The process of learning in neural net models with Poisson and Gauss connectivities

In this study we examined the dynamic behavior of isolated and non-isolated neural networks with chemical markers that follow a Poisson or Gauss distribution of connectivity. The Poisson distribution shows higher activity in comparison to the Gauss distribution although the latter has more connections that obliterated due to randomness. We examined 57 hematoxylin and eosin stained sections from an equal number of autopsy specimens with a diagnosis of "cerebral matter within normal limits". Neural counting was carried out in 5 continuous optic fields, with the use of a simple optical microscope connected to a computer (software programmer Nikon Act-1 vers-2).
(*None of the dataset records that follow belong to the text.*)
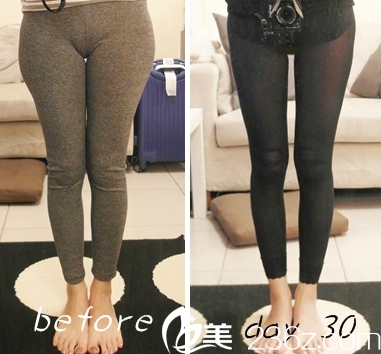 中國臺灣童顏醫(yī)療美容腿部吸脂案例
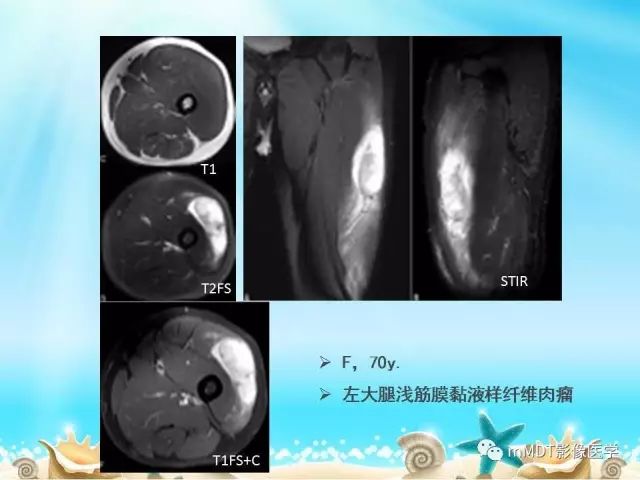 影像PPT - 【PPT】黏液样软组织肿瘤影像学-17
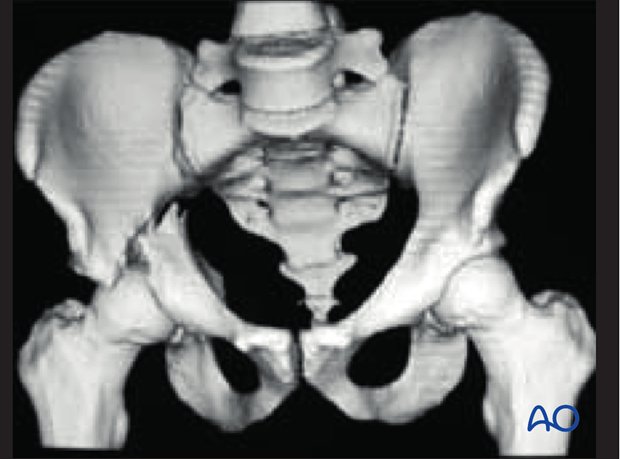 characteristics of elemental fracture types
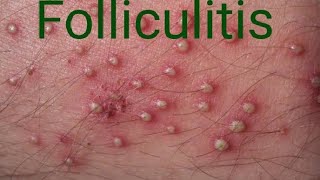 Folliculitis furuncle carbuncle [upl. by Zalucki]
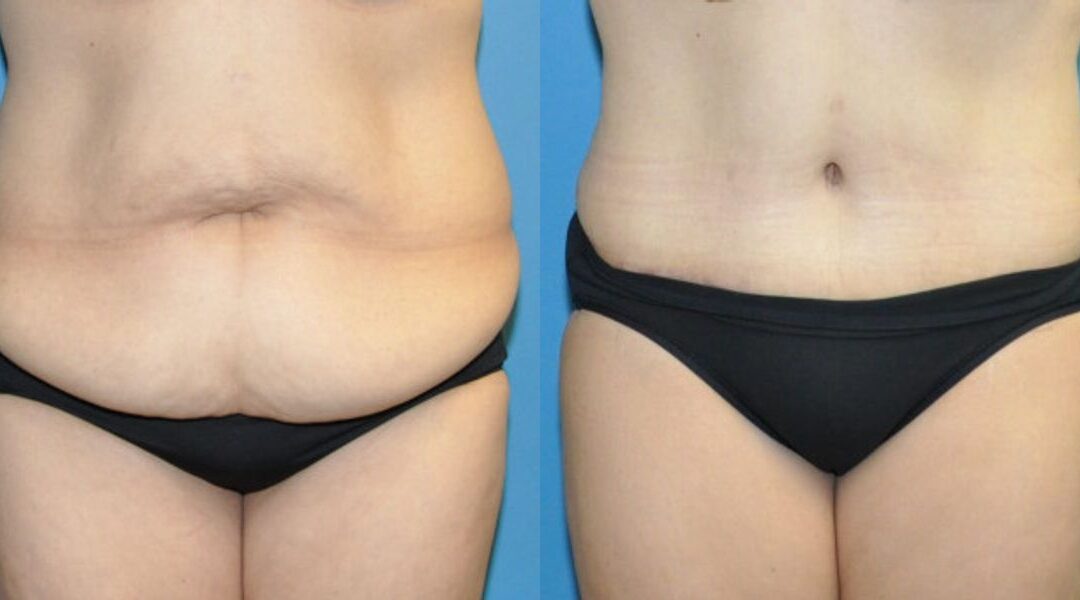 Tummy Tuck #32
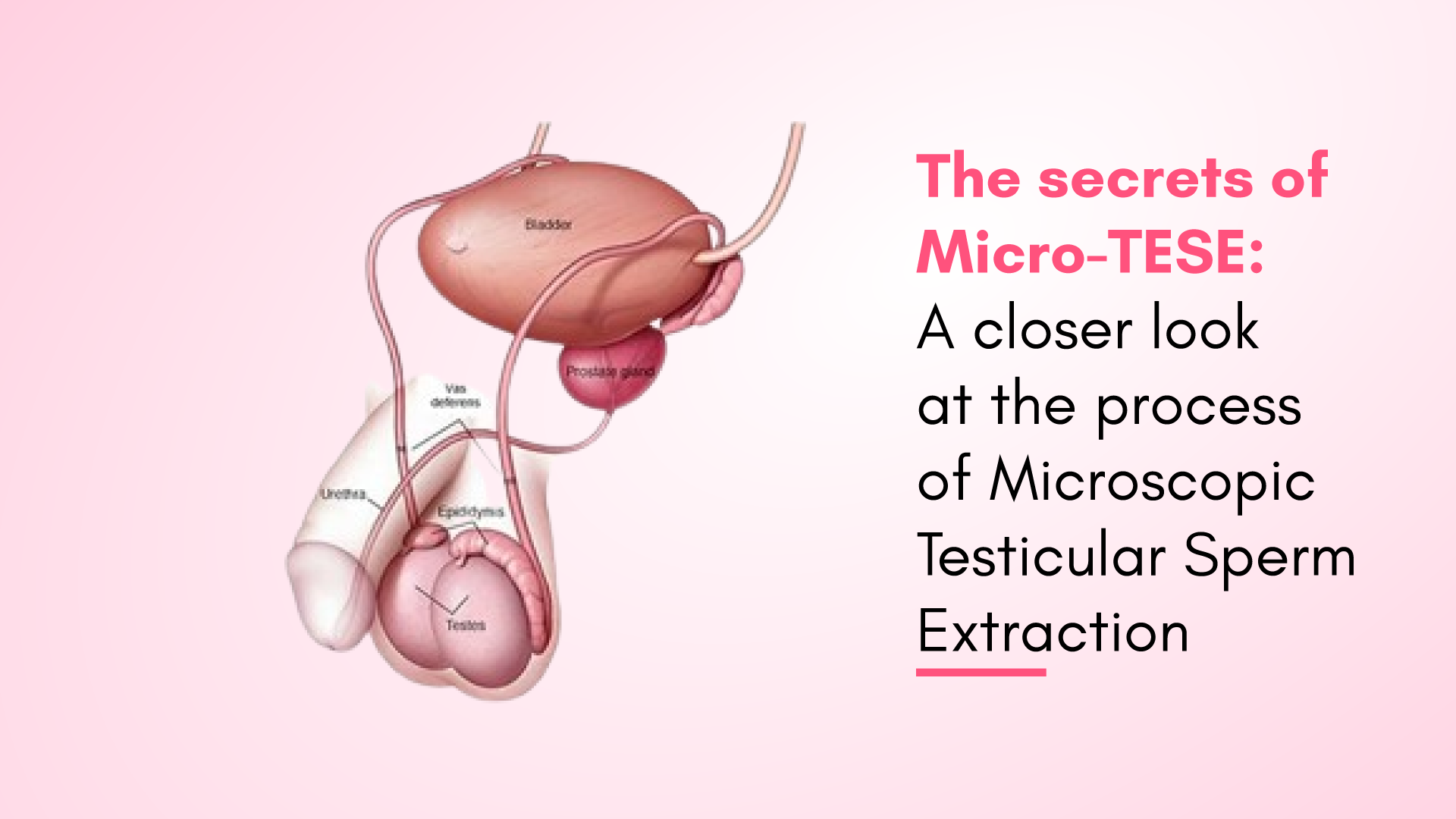 The Secrets of Micro-TESE: A Closer Look at the Process of Microscopic Testicular Sperm Extraction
The number of neurons that corresponded to a surface was equal to 0.15 mm(2). There was a gradual reduction in the number of neurons as age increased. A mean value of 45.8 neurons /0.15 mm(2) was observed within the age range 21-25, 33 neurons /0.15 mm(2) within the age range 41-45, 19.3 neurons /0.15 mm(2) within the age range 56-60 years. After the age of 60 it was observed that the number of neurons per unit area stopped decreasing. A correlation was observed between these experimental findings and the theoretical neural model developed by professor Anninos and his colleagues. Equivalence between the mean numbers of neurons of the above mentioned age groups and the highest possible number of synaptic connections per neuron (highest number of synaptic connections corresponded to the age group 21-25) was created. We then used both inhibitory and excitatory post-synaptic potentials and applied these values to the Poisson and Gauss distributions, whereas the neuron threshold was varied between 3 and 5. According to the obtained phase diagrams, the hysteresis loops decrease as age increases. These findings were significant as the hysteresis loops can be regarded as the basis for short-term memory.